### DESCRIPTION OF THE TASK
An exact copy of every record is needed, with the pictures left out.

========

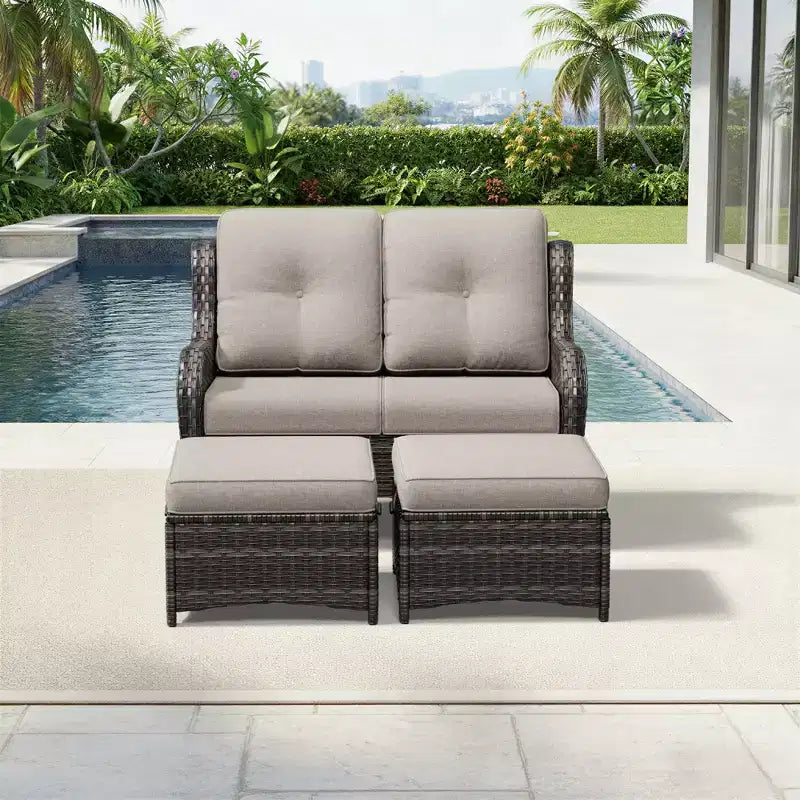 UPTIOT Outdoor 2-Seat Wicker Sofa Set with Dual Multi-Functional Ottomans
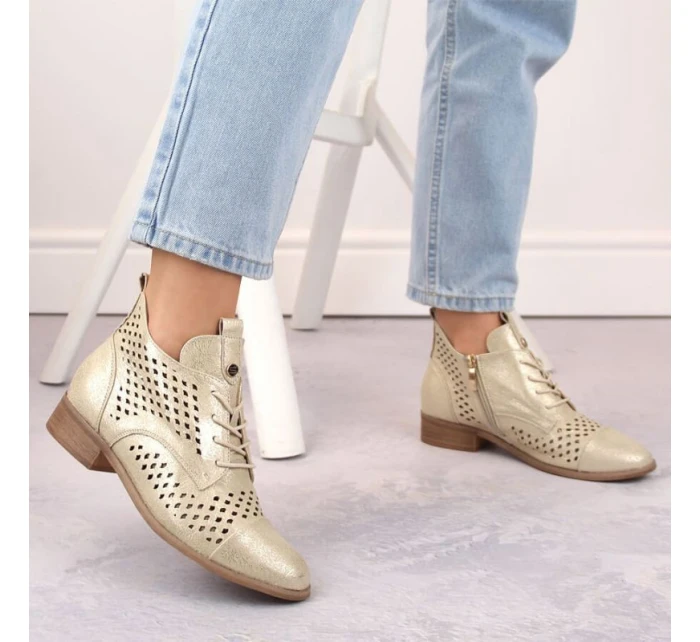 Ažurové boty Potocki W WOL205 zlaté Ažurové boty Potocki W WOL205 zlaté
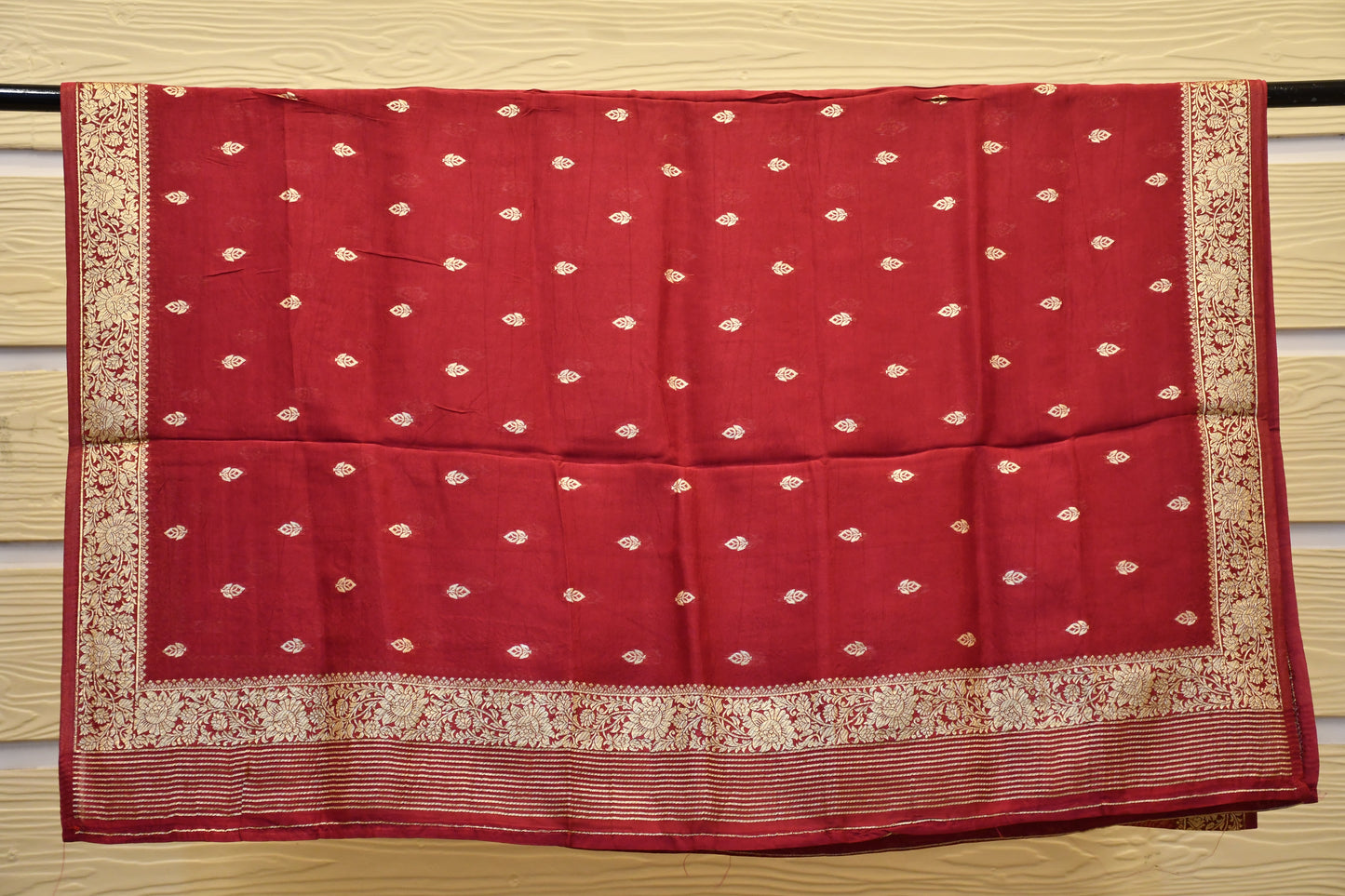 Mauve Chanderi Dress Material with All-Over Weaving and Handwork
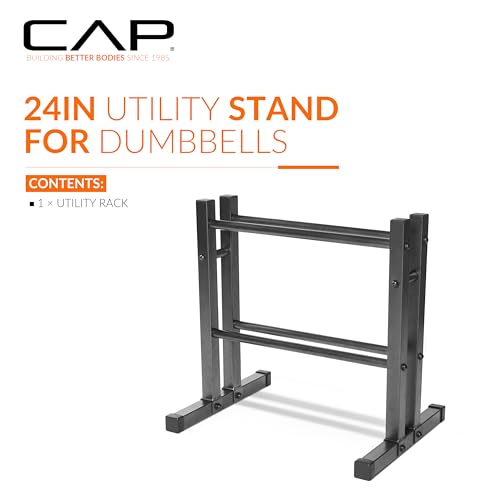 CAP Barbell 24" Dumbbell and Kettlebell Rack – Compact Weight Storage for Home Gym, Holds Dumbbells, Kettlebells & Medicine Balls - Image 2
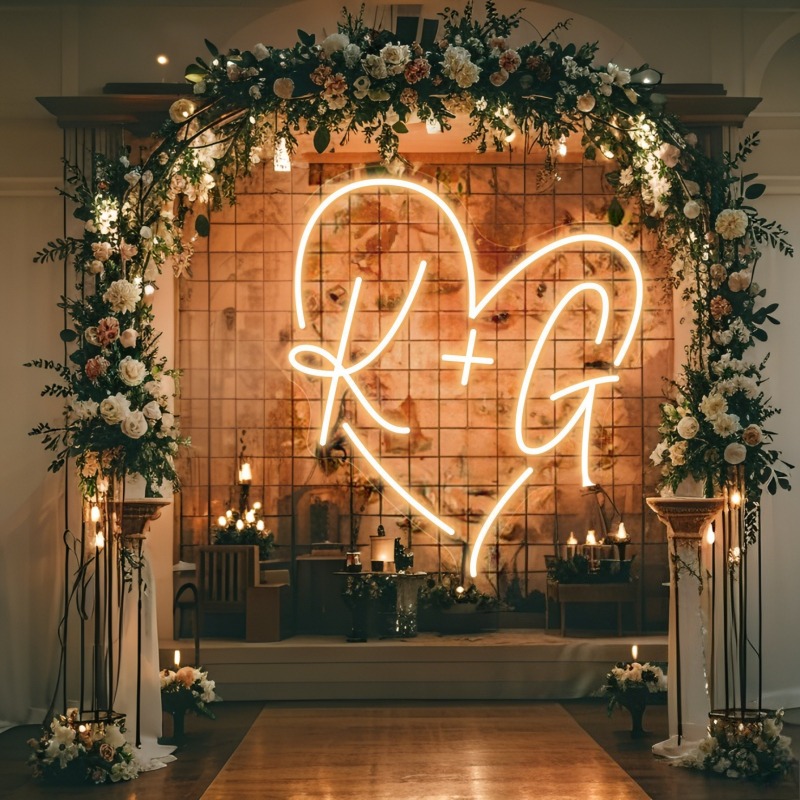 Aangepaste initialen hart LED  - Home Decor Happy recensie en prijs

========

### TASK ANSWER
 UPTIOT Outdoor 2-Seat Wicker Sofa Set with Dual Multi-Functional Ottomans
 Ažurové boty Potocki W WOL205 zlaté Ažurové boty Potocki W WOL205 zlaté
 Mauve Chanderi Dress Material with All-Over Weaving and Handwork
 CAP Barbell 24" Dumbbell and Kettlebell Rack – Compact Weight Storage for Home Gym, Holds Dumbbells, Kettlebells & Medicine Balls - Image 2
 Aangepaste initialen hart LED  - Home Decor Happy recensie en prijs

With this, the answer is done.